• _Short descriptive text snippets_
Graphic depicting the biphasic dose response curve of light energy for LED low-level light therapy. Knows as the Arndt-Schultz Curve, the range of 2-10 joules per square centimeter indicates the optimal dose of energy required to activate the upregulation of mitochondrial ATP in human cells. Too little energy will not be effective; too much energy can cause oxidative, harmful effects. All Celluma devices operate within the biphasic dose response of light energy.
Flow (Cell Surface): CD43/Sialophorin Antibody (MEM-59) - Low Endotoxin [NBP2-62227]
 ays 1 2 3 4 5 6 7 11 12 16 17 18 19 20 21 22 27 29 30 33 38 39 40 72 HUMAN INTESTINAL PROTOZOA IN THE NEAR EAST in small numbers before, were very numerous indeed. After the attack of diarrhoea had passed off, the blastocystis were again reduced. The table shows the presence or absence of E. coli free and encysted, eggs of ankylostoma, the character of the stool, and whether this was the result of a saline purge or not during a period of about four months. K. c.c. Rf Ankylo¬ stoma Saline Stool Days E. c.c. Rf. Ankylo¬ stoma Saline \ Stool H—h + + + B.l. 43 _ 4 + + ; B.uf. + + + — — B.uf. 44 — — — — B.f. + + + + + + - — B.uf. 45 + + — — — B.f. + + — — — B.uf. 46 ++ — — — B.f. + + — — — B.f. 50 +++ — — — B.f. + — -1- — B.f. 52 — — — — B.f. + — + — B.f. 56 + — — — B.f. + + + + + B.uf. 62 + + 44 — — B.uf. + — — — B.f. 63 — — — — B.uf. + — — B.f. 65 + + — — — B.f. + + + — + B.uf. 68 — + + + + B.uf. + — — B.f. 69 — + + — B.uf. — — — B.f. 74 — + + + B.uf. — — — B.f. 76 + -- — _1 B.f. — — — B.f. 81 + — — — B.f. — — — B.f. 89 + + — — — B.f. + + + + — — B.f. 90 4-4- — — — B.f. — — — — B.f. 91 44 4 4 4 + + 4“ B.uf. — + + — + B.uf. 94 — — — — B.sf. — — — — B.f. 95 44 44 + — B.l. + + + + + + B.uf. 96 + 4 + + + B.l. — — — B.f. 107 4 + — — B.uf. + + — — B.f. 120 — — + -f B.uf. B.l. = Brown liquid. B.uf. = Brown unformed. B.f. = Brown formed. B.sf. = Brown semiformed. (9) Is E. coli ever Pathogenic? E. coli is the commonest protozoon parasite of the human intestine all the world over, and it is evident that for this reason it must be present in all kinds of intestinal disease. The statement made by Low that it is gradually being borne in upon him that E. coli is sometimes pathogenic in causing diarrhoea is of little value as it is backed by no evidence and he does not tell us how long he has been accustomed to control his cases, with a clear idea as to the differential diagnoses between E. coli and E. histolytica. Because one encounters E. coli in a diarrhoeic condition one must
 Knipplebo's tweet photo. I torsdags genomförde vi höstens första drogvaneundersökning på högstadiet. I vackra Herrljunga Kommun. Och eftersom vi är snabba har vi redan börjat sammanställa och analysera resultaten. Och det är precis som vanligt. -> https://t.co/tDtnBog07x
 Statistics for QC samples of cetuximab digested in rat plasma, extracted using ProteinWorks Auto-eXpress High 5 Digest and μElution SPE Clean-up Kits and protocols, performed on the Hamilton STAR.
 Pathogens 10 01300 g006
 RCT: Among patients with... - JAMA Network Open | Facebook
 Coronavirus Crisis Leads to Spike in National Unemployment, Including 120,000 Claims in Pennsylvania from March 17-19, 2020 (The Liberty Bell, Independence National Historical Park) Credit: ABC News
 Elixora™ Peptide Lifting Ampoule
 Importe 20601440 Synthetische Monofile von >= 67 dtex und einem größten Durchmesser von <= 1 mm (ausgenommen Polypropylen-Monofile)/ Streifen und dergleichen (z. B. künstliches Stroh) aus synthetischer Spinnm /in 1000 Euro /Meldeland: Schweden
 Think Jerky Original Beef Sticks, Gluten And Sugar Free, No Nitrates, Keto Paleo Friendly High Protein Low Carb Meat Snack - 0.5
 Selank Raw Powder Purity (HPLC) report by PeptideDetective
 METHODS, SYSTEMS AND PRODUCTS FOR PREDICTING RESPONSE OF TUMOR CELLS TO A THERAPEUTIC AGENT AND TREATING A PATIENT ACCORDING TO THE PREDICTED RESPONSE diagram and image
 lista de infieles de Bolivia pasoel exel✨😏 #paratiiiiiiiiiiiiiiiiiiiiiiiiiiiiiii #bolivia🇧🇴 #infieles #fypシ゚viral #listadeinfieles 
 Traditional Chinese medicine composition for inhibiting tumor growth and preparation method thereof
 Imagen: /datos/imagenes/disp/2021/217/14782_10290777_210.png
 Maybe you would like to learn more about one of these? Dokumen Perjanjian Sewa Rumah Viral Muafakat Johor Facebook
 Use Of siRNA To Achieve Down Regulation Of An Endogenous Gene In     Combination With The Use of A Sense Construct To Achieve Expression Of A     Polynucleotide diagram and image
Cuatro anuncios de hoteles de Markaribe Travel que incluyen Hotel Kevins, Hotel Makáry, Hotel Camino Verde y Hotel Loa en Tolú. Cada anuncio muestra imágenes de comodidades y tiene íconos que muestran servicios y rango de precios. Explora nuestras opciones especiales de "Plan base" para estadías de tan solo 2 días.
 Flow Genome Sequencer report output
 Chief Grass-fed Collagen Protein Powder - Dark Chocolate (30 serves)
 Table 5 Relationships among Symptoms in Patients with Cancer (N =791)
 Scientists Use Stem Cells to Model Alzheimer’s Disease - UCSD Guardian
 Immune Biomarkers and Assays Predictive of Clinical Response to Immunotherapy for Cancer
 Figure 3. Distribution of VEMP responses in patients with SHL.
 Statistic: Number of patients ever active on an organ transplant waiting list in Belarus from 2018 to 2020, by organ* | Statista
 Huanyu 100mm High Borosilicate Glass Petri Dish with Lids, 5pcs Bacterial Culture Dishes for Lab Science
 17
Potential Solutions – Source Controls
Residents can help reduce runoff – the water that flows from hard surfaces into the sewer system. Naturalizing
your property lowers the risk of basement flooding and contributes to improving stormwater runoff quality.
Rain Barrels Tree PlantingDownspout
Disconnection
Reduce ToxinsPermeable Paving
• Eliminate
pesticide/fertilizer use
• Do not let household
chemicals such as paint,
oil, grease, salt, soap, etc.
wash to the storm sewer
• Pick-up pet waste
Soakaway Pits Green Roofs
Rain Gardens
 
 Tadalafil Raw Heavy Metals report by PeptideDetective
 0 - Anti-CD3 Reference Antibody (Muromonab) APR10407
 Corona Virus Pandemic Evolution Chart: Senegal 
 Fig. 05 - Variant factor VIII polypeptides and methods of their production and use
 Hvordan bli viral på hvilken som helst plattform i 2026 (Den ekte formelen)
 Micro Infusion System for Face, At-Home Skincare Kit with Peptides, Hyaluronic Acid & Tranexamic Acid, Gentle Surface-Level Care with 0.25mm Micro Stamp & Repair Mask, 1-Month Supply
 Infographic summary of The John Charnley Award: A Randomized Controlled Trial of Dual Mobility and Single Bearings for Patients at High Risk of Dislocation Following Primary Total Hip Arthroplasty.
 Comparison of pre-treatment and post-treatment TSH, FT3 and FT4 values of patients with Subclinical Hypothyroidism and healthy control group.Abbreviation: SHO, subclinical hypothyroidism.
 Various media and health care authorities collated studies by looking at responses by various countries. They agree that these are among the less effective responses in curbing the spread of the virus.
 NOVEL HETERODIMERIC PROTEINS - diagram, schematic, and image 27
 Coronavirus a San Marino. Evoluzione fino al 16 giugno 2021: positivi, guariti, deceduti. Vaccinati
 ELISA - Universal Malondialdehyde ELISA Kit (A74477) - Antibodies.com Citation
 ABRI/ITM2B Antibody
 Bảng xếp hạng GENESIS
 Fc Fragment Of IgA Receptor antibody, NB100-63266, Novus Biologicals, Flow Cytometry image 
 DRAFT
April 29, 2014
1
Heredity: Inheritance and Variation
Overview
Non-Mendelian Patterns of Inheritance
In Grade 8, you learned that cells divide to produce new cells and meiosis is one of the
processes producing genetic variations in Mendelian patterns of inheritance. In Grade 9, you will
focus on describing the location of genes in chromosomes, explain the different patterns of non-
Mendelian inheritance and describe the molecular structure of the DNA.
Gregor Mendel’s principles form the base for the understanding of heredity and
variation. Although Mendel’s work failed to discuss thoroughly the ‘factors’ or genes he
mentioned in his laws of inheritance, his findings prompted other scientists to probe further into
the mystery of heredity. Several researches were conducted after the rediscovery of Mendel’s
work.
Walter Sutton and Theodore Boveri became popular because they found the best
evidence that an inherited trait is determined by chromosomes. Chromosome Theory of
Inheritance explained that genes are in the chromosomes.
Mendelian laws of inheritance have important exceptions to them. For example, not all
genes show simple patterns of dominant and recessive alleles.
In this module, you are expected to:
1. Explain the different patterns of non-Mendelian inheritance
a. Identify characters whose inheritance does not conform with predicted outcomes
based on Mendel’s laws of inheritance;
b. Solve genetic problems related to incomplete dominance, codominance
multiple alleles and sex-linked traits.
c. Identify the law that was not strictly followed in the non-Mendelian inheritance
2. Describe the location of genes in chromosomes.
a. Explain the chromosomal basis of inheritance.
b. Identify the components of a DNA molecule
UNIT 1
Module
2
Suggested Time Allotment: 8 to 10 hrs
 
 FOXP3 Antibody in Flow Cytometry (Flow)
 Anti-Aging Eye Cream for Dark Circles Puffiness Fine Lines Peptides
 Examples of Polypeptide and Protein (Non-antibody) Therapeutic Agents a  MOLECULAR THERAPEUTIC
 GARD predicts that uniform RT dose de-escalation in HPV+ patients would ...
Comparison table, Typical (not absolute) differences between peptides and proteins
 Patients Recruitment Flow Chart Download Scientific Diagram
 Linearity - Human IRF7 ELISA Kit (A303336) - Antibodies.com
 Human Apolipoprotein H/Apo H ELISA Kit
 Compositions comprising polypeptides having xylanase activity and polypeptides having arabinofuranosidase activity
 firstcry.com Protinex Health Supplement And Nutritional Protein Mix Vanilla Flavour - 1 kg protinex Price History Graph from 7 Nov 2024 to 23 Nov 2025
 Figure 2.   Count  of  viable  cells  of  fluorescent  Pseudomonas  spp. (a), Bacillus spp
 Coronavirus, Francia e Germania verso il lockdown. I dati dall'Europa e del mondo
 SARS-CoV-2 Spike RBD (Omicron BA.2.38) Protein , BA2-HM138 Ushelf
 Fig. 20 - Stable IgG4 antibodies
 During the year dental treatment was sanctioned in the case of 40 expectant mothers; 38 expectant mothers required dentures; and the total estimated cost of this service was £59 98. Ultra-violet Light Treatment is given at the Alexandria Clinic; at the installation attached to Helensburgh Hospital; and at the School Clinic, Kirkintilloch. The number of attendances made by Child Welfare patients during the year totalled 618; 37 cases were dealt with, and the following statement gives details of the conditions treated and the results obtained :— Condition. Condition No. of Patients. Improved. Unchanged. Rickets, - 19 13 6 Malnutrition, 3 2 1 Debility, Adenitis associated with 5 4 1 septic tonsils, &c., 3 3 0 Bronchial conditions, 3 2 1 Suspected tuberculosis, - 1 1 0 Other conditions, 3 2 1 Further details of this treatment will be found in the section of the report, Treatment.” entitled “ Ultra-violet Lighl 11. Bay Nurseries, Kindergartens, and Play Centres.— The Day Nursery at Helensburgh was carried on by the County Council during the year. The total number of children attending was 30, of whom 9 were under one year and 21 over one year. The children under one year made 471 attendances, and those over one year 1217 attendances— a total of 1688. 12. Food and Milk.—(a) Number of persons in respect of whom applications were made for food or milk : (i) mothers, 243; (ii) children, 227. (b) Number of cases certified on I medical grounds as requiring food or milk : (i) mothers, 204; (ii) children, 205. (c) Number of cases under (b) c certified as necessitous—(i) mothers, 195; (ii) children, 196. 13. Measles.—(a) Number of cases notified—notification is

• _WHAT THE EXERCISE ASKS_
Set down again, word for word, the stretch of records from the line with "b. Identify the components of a DNA molecule" to the line with "Fig. 20 - Stable IgG4 antibodies", both of those lines included.

• _EXERCISE RESPONSE_
b. Identify the components of a DNA molecule
UNIT 1
Module
2
Suggested Time Allotment: 8 to 10 hrs
 
 FOXP3 Antibody in Flow Cytometry (Flow)
 Anti-Aging Eye Cream for Dark Circles Puffiness Fine Lines Peptides
 Examples of Polypeptide and Protein (Non-antibody) Therapeutic Agents a  MOLECULAR THERAPEUTIC
 GARD predicts that uniform RT dose de-escalation in HPV+ patients would ...
Comparison table, Typical (not absolute) differences between peptides and proteins
 Patients Recruitment Flow Chart Download Scientific Diagram
 Linearity - Human IRF7 ELISA Kit (A303336) - Antibodies.com
 Human Apolipoprotein H/Apo H ELISA Kit
 Compositions comprising polypeptides having xylanase activity and polypeptides having arabinofuranosidase activity
 firstcry.com Protinex Health Supplement And Nutritional Protein Mix Vanilla Flavour - 1 kg protinex Price History Graph from 7 Nov 2024 to 23 Nov 2025
 Figure 2.   Count  of  viable  cells  of  fluorescent  Pseudomonas  spp. (a), Bacillus spp
 Coronavirus, Francia e Germania verso il lockdown. I dati dall'Europa e del mondo
 SARS-CoV-2 Spike RBD (Omicron BA.2.38) Protein , BA2-HM138 Ushelf
 Fig. 20 - Stable IgG4 antibodies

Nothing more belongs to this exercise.